[Task directions]: Without the pictures, set down every line of the data exactly.

[Exercise data]:
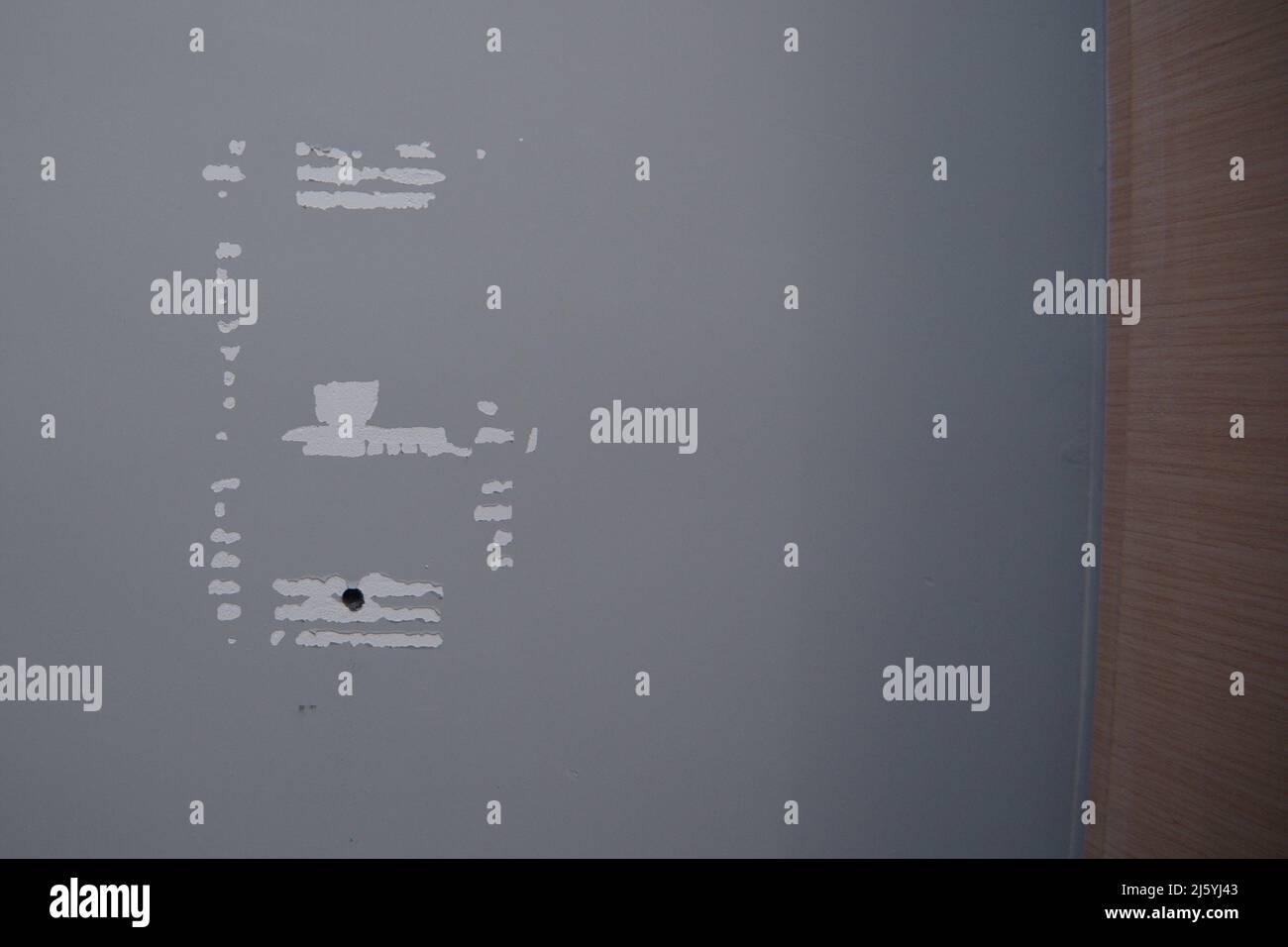 Beschriftungszeichen und Bohrloch an der Wand - Verschleiß Stockfoto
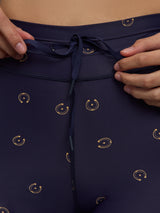 Model wears navy leggings with a subtle horseshoe pattern.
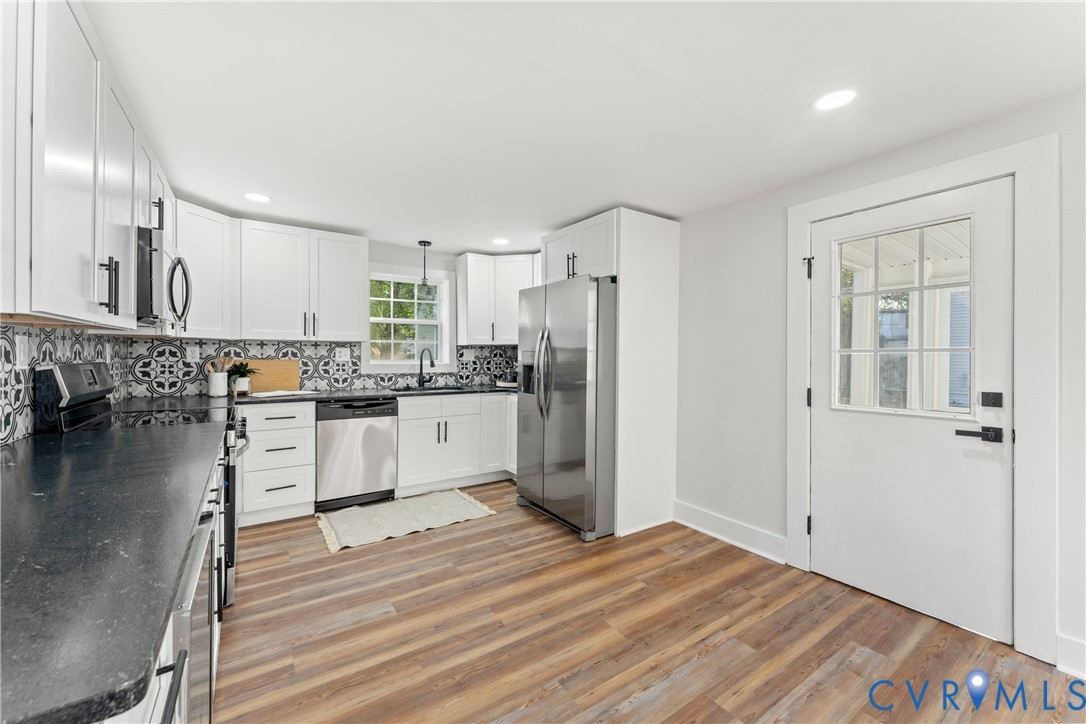 428 3rd Street West Point, VA 23181 - Photo 39 of 49 a kitchen with a refrigerator and white cabinets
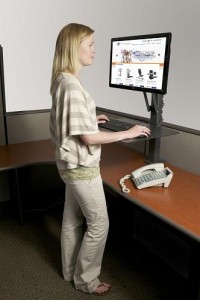 Photo of a woman at a standing desk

[Answer section]:
 Beschriftungszeichen und Bohrloch an der Wand - Verschleiß Stockfoto
 Model wears navy leggings with a subtle horseshoe pattern.
 428 3rd Street West Point, VA 23181 - Photo 39 of 49 a kitchen with a refrigerator and white cabinets
 Photo of a woman at a standing desk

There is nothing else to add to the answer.